Так Лорка от видимого движется к сути: благополучие и процветание Уолл-стрита зиждется на слезах, крови и жизнях миллионов бедняков. Впервые в поэзии Лорки появляется тема непримиримого конфликта богатых и бедных, рабовладельцев и рабов. Гневные интонации звучат все отчетливее: недаром стихотворение «Нью-Йорк» имеет подзаголовок: «описание и обвинение».
Из всех обездоленных, чьи страдания заставляют больно сжиматься сердце поэта, особое его сочувствие вызывают негры. «Мне хотелось,- признавался Лорка,- написать поэму о неграх Северной Америки и в особенности поведать о боли, которую испытывают негры от того лишь, что они негры…» И поэт в цикле «Негры» создает трагические картины горестей и бед угнетенной расы. В «Оде королю Гарлема» (Oda al геу de Harlem) поэт говорит:
О Гарлем! О Гарлем! О Гарлем!
Что может сравниться с тоской твоих глаз утомленных, с силой крови, текущей под темной твоей кожей, с жаждой мести немой под кровом гранатовой ночи.
(Пер. И. Тыняновой)
Но как ни тяжела судьба негров, Лорка убежден, что «со своей проникновенной печалью они превратились в духовную ось Америки. Негр, который так близок к истинной человеческой природе и природе вообще. Негр, который способен извлекать музыку из всего!.. Если исключить негритянское искусство, то в Соединенных Штатах останутся лишь механика и автоматизм». В этом духовном начале, сохраняющемся неграми и угнетенными вообще, и видит Лорка проблеск надежды на будущее.
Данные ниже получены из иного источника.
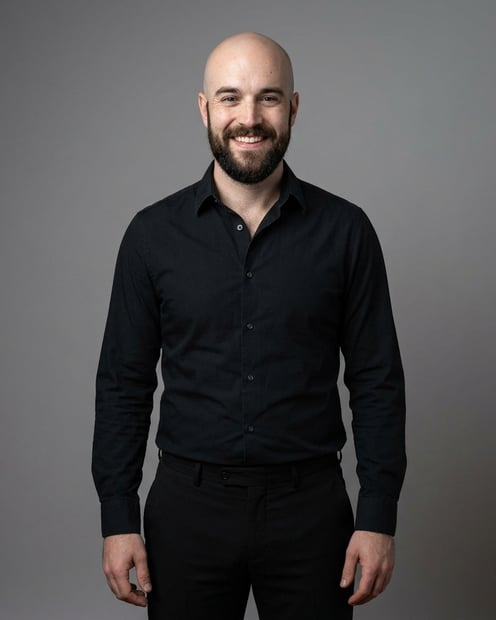 Neutral Mid-Grey Gradient Seamless · Black Button-Up with Dark Trousers headshot example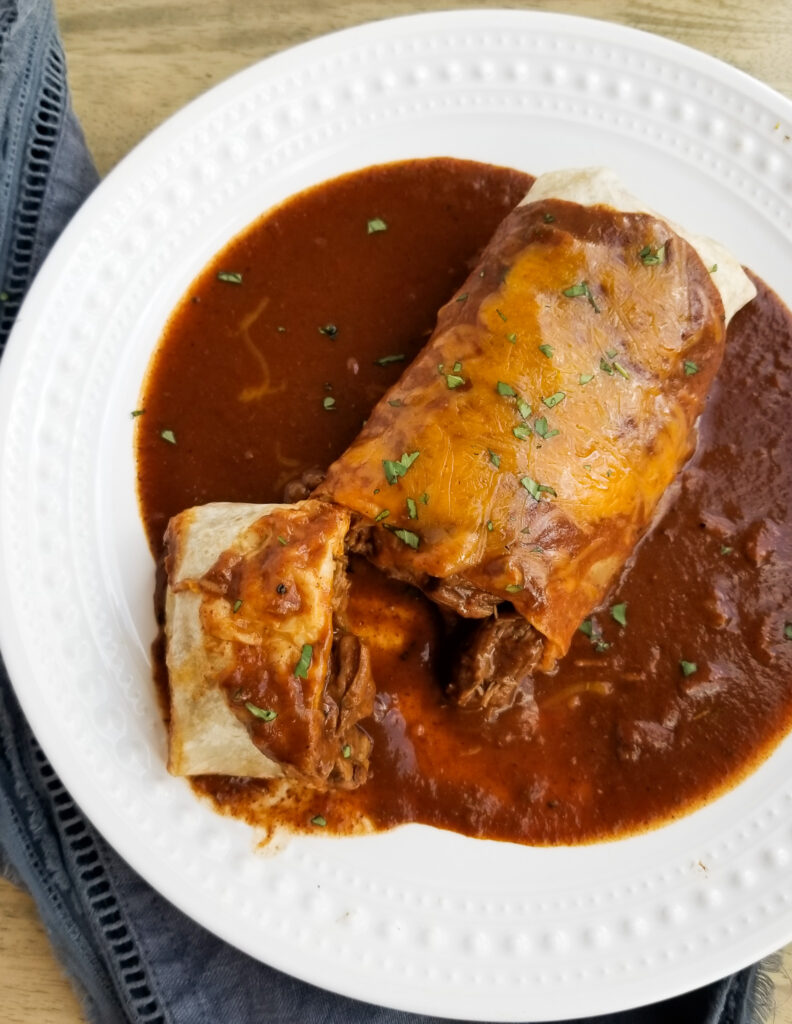 Chile colorado burrito with wet sauce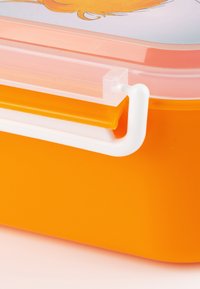 Orange plastic lunchbox with a transparent lid, featuring a white locking mechanism and a smooth texture. Accents include a colorful graphic design.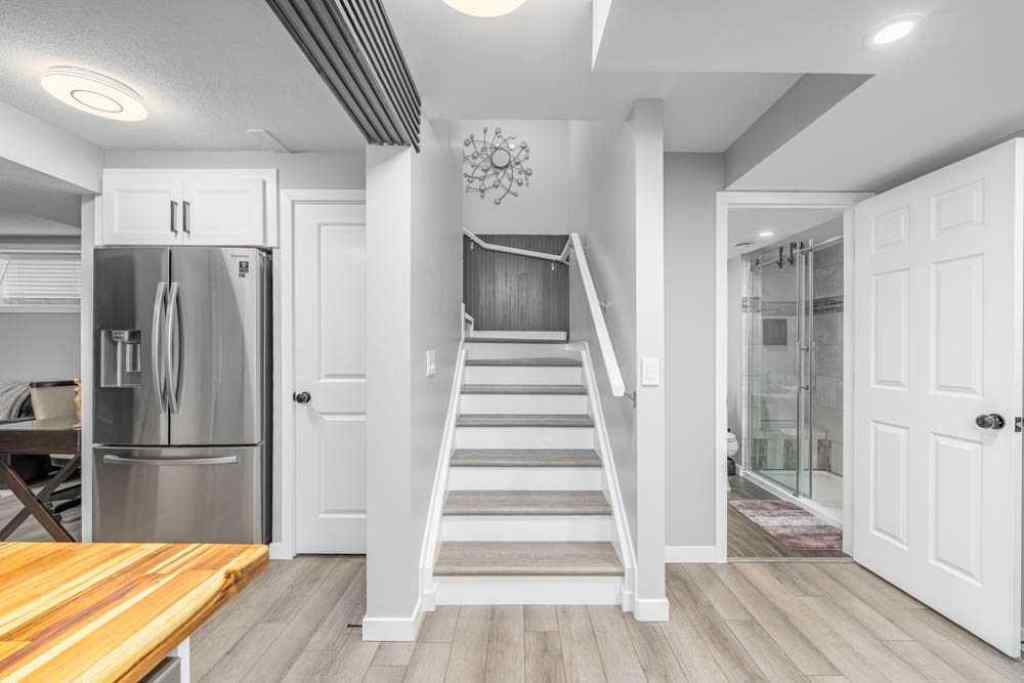 MLS® A2247196 - 105 Lawthorn Greenway SE in Lanark Airdrie, Residential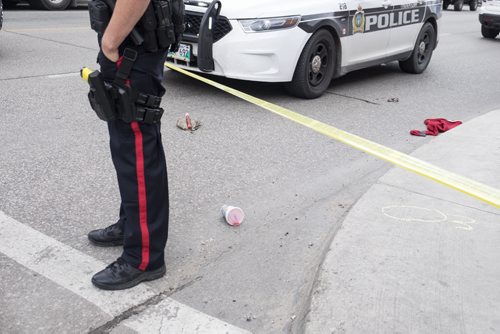 ZACHARY PRONG / WINNIPEG FREE PRESS  Police at the scene of a possible stabbing on Balmoral St. Evidence from the incident is scattered across the road. August 4, 2016.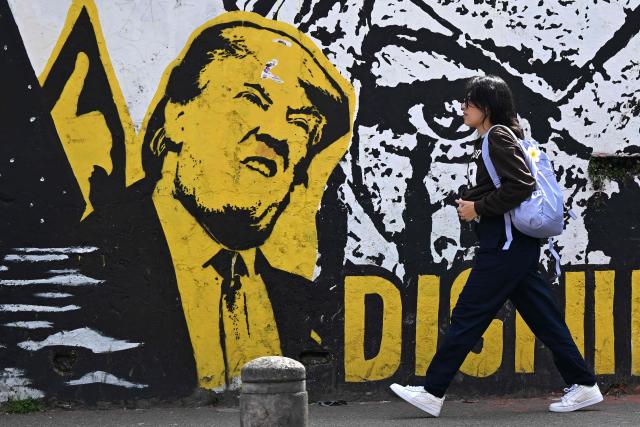 A woman walks past an anti-immigration-policy graffiti depicting US President Donald Trump in Bogota on January 18, 2026.  (Photo by Raul ARBOLEDA / AFP)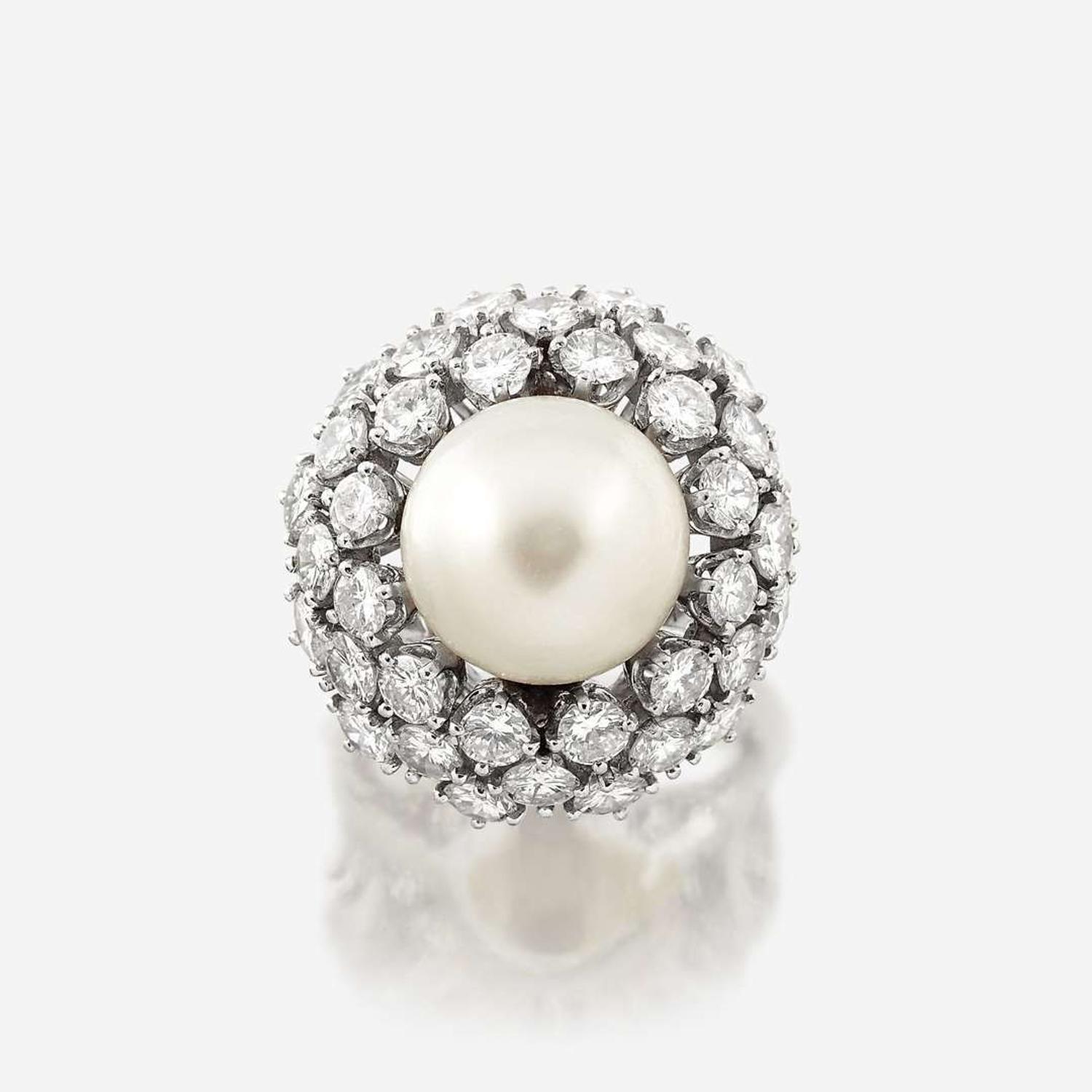 A cultured pearl, diamond, and eighteen karat white gold ring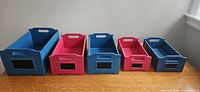 Front view of all five bins showing colors, chalkboard panels and relative sizes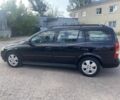Черный Опель Астра, объемом двигателя 1.6 л и пробегом 241 тыс. км за 4500 $, фото 21 на Automoto.ua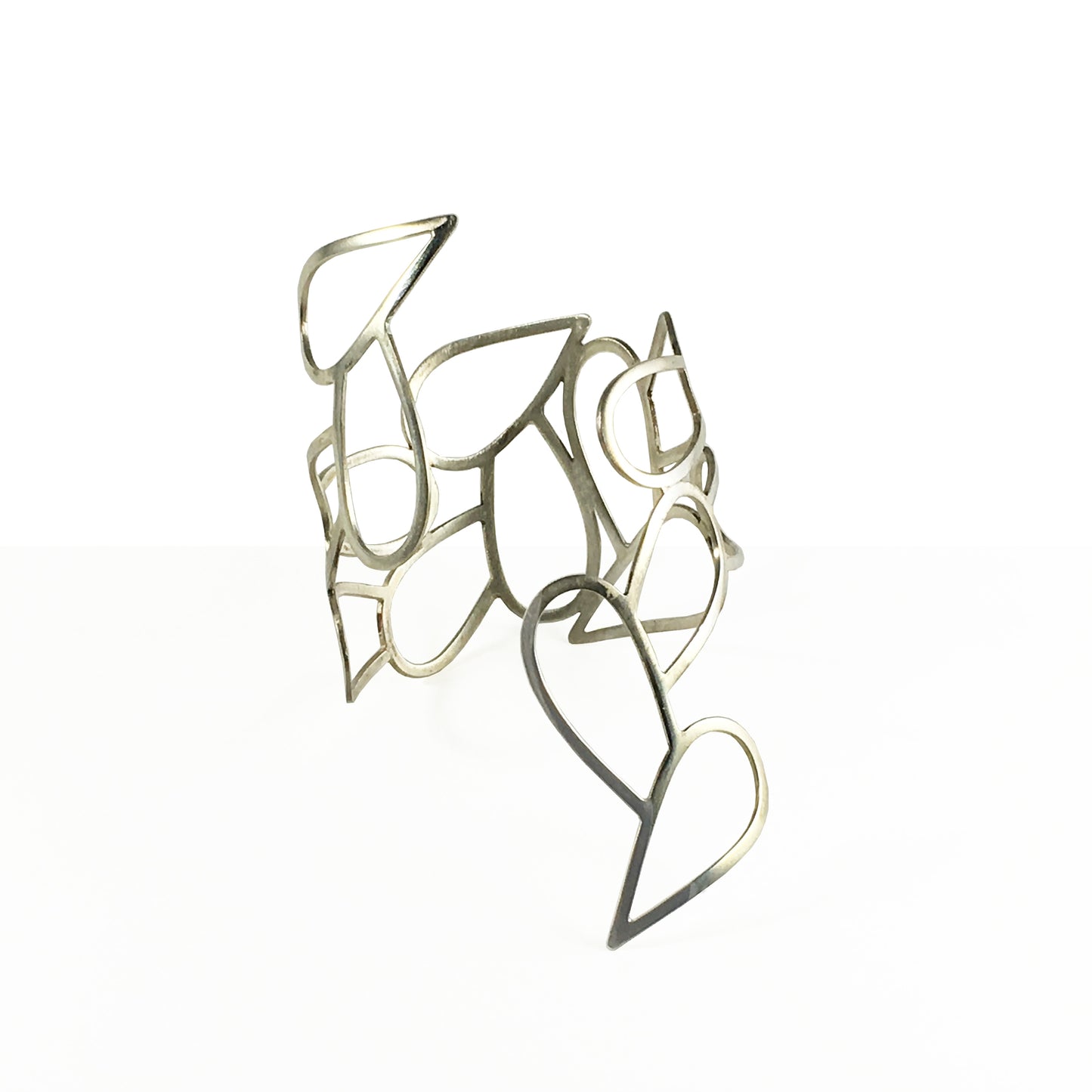 Helena Collection bring the beauty of the ancient Greek world to the contemporary woman. All pieces are cut bent polished and personally handcrafted by Laura. Laura’s collections reflect her love of architecture organic and natural shapes simplicity subtlety sensuality exclusive designs synthesized in every piece.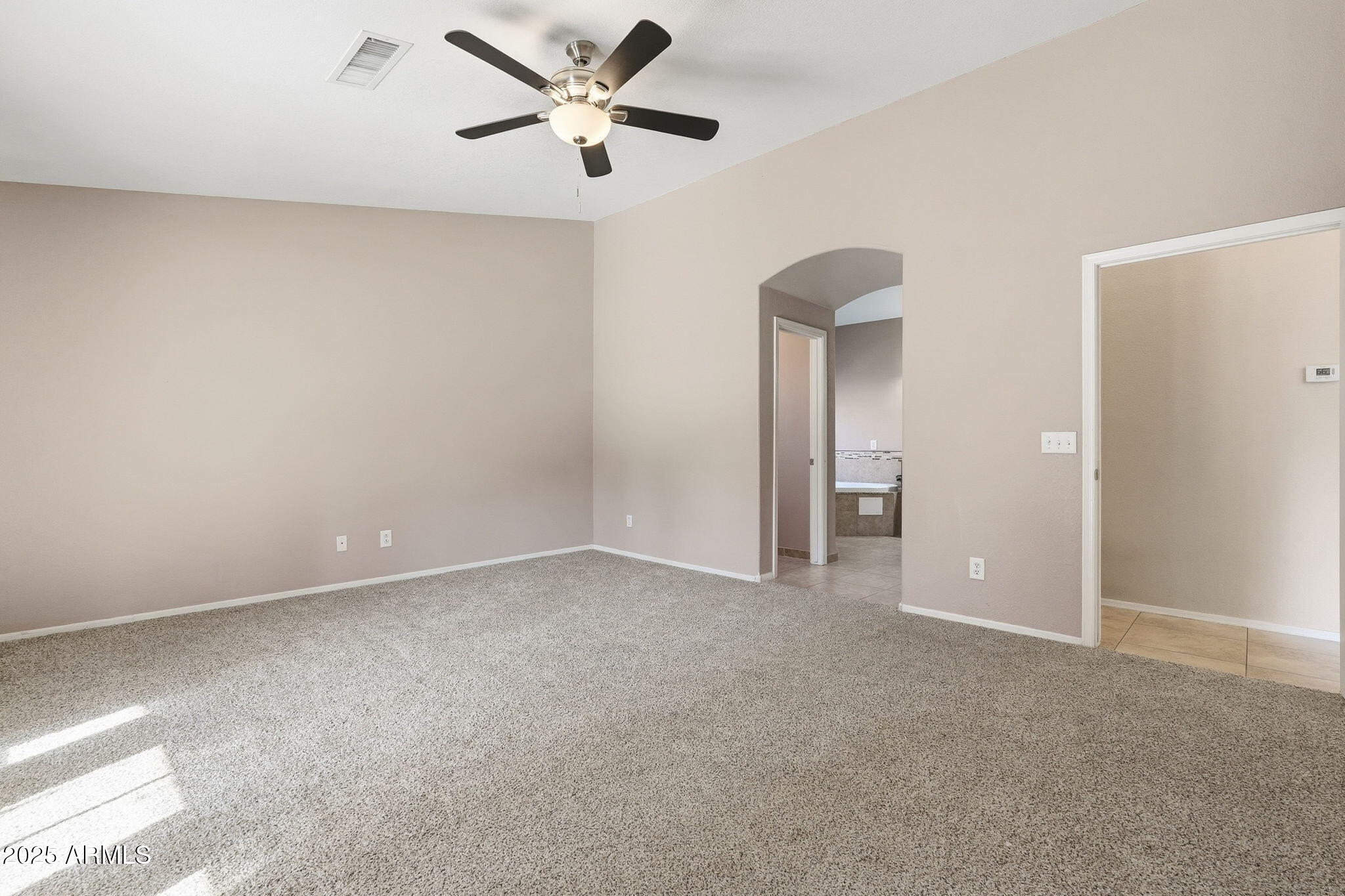 1619 East Carter Road Phoenix, AZ 85042 - Photo 33 of 56 a view of an empty room and chandelier fan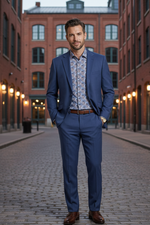 Load image into Gallery viewer, Our Model is wearing our Royal Blue stretch 2-Piece suit with 2 button closure and notched lapels. the pants are plain front with 2 pockets and 2 buttoned down pockets at the rear. 
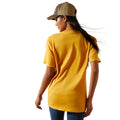 Person wearing a yellow t-shirt and beige cap on a white background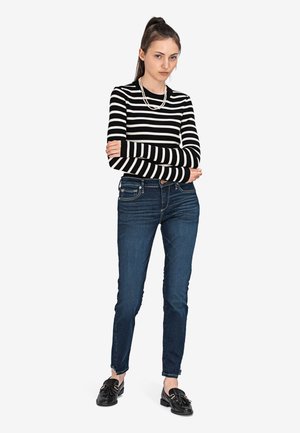 Zwart-wit gestreepte langslijftop, strakke donkerblauwe jeans en zwarte instapper. Eenvoudig ontwerp met geribbelde textuur en parelketting.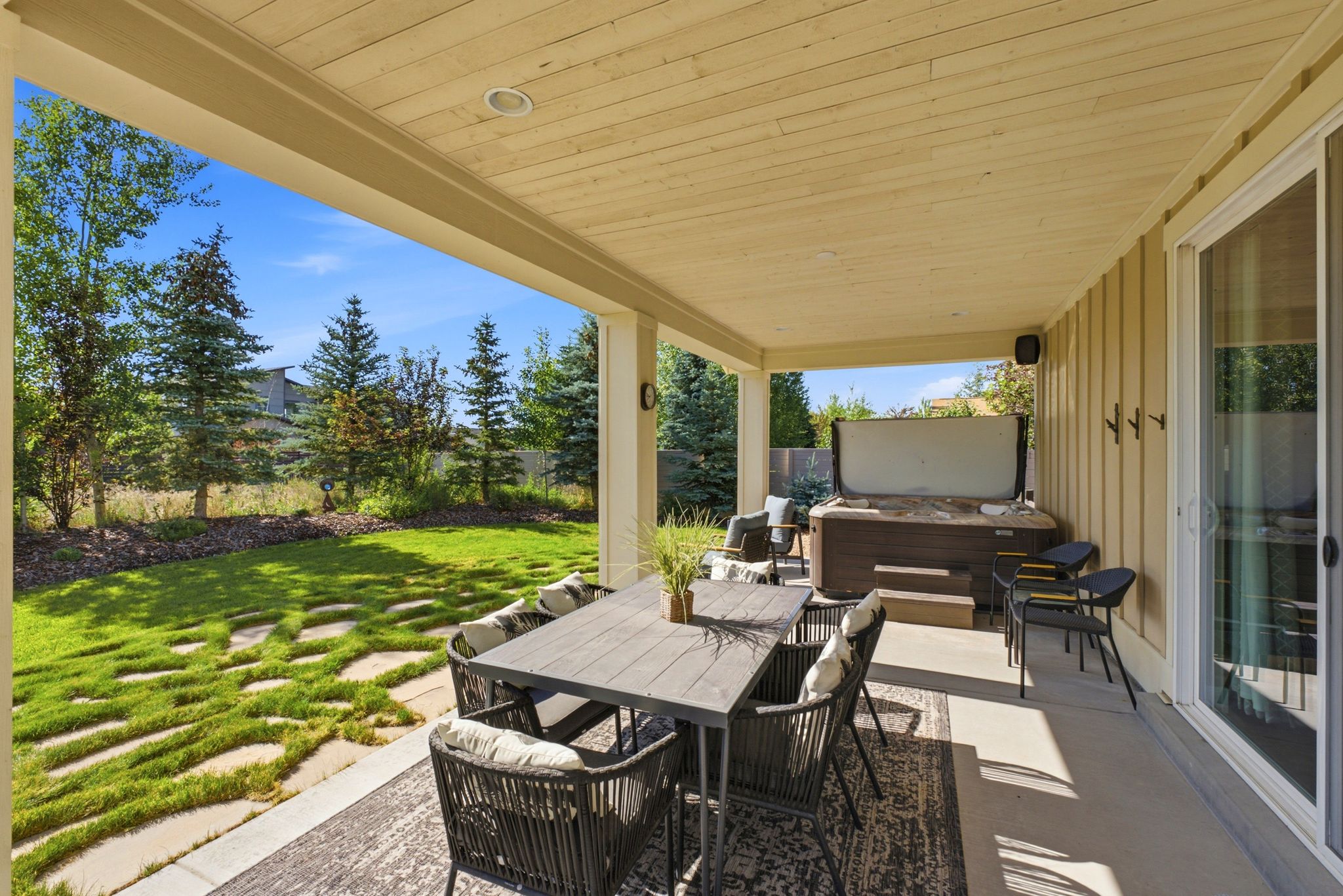 Covered patio featuring a built-in hot tub, concrete flooring, and a sliding glass door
Поэт, изведавший отчаяние при виде «дикости и безумия» Нью-Йорка, с облегчением вздыхает, покидая Америку. Не зря один из последних циклов сборника носит знаменательное название — «Бегство из Нью-Йорка» (Huida de Nueva York).
Опыт, приобретенный в США, не лег бесполезным грузом. Отныне Лорка познал всю меру своей писательской ответственности за судьбы мира, всю меру своей близости к «партии бедняков». В 30-х годах поэт, по свидетельству его близкого друга писательницы Марии-Тересы Леон, «склонялся к идеям социализма, или, как он сам говорил, к народу». В эти годы он неоднократно публично заявляет о своей приверженности к идеалам демократии, подписывает манифесты писателей против фашизма и подготовки империалистической войны, вступает в «Альянс антифашистской интеллигенции» и «Общество друзей РОССИИ». А главное, он стремится вести прямой и непосредственный разговор с народом о самом больном и волнующем. Именно поэтому в эти годы Лорка обращает преимущественное внимание на драматургию. Он продолжает, правда, работу над новыми стихами, создает поэму «Плач по Игнасио Санчесу Мехиасу» (Llanto рог Ignacio Sanchez Mexias, 1935), циклы «Шесть галисийских стихотворений» (Seis poemas gallegos, 1935) и «Диван Тамарит» (Divan del Tamarit, 1936), но театр оттесняет поэзию.